Gli autori delineano il quadro dei Paesi che sostengono questo tipo di politica commerciale per ridurre le emissioni di gas serra. È noto che Bruxelles sta valutando di imporre entro il 2023 una tassa sui beni importati che rifletterebbe la quantità di emissioni di anidride carbonica attribuite alla loro produzione. L’Ue, infatti, si è data l’obiettivo di ridurre le sue emissioni del 55% nel prossimo decennio. Resta l’incognita, spiegano gli analisti del Boston Consulting Group, di come si comporteranno gli altri Paesi, soprattutto quelli che hanno flussi commerciali significativi con i 27 membri dell’Unione.
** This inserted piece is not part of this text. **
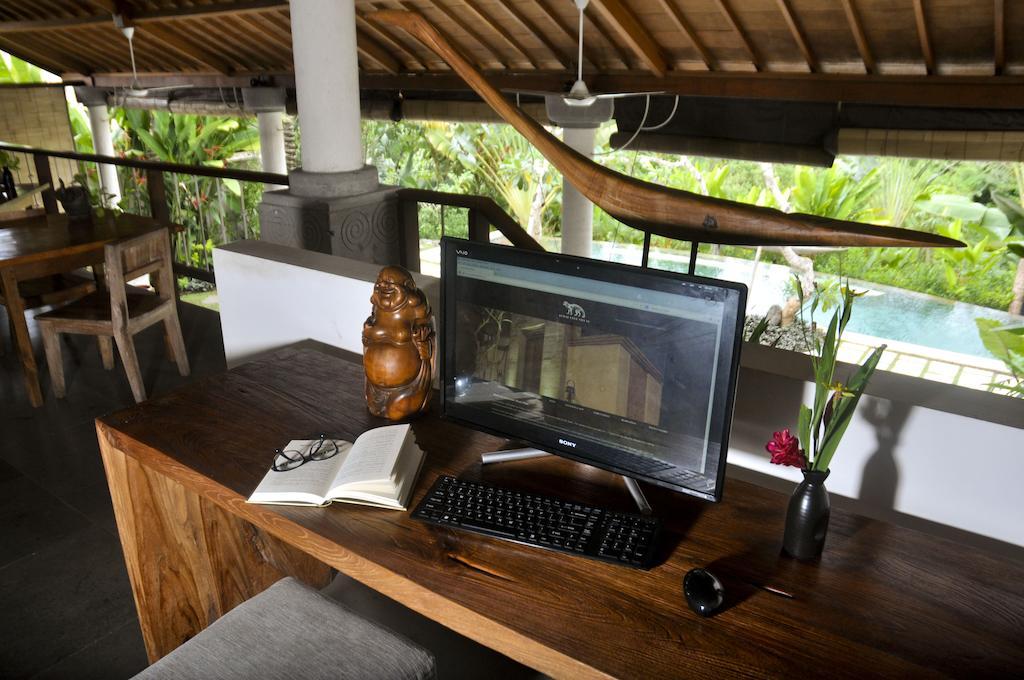 Luwak Ubud Villas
Joe Biden, il candidato alla presidenza del Partito Democratico, si è mostrato interessato a sostenere un programma simile negli Stati Uniti in caso di vittoria. Il Regno Unito si è posto addirittura obiettivi giuridicamente vincolanti più severi rispetto all’Ue, tra i quali anche il target “net zero” entro il 2050. I Paesi in via di sviluppo, invece, solitamente si oppongono a queste tasse argomentando che sono in contrasto con il principio, sancito dall’Accordo di Parigi, delle “responsabilità comuni ma differenziate” e anche con le regole dell’Organizzazione mondiale del commercio.
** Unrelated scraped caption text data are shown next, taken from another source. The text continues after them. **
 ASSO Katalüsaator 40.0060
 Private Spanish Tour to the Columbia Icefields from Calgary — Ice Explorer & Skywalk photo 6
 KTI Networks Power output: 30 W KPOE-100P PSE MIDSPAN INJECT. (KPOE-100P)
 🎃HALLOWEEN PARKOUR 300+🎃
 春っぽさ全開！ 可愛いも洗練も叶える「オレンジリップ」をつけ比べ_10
La questione delle esenzioni

Ma l’incognita più pressante per le aziende è legata alle possibili esenzioni. Da una parte, infatti, Bruxelles teme che i Paesi esenti dalla tassa vengano utilizzati come “porta di servizio” per far entrare in Europa prodotti senza pagare interamente i costi del carbonio della loro produzione. Dall’altra, però, per alcuni “Paesi terzi” allineati con le politiche europee, come il Regno Unito, potrebbe essere più facile a negoziare un’esenzione.

La posta in gioco per le imprese coinvolte è alta, soprattutto in alcuni settori come automobili, acciaio, prodotti chimici e aerospaziale. Se i Paesi non potranno garantire che i loro beni siano esenti dalla futura Carbon Border Tax, spiegano Sudmeijer e Figures, le industrie con un’elevata impronta di gas serra subirebbero uno svantaggio di costi significativo in uno dei loro più grandi mercati di esportazione. Gli autori citano come esempio una recente analisi del Boston Consulting Group che mostra che, agli attuali prezzi del carbonio, per un’automobile familiare compatta importata nell’Unione la tassa ammonterebbe a oltre 200 euro e salirebbe a oltre 400 entro il 2025.
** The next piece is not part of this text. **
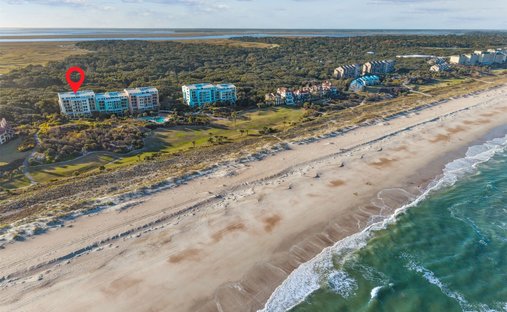 Condominio en Fernandina Beach, Florida, Estados Unidos 1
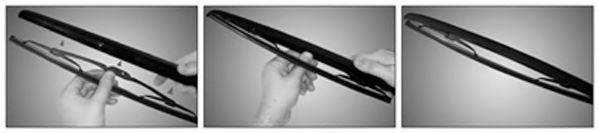 Щітка склоочисника EX330 TRICO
Il sollecito alle aziende britanniche

A prescindere dal tipo di tassa che verrà adottata e dalle eventuali esenzioni, gli autori dell’opinion sono convinti della serietà dell’impegno dell’Ue e del Regno Unito nell’intraprendere un’azione decisa contro il cambiamento climatico, e che quindi la Carbon Border Tax non sia più una questione di “se”, ma di “quando”. Per questo motivo, il Boston Consulting Group sprona le aziende britanniche a essere proattive e a iniziare ad attrezzarsi oggi per ridurre l’impronta di gas serra sia delle proprie operazioni che dell’intera catena del valore globale, per non farsi trovare impreparate domani.

In particolare, ritiene che le aziende debbano adottare quattro passaggi: misurare la loro impronta di carbonio e quella dell’intera catena di fornitura e migliorare la capacità di reporting; adottare la tariffazione interna del carbonio; sviluppare una serie di opzioni e punti trigger man mano che questo tipo di programmi si avvicina all’implementazione; lavorare con i governi per definire i tempi e le modalità operative del sistema.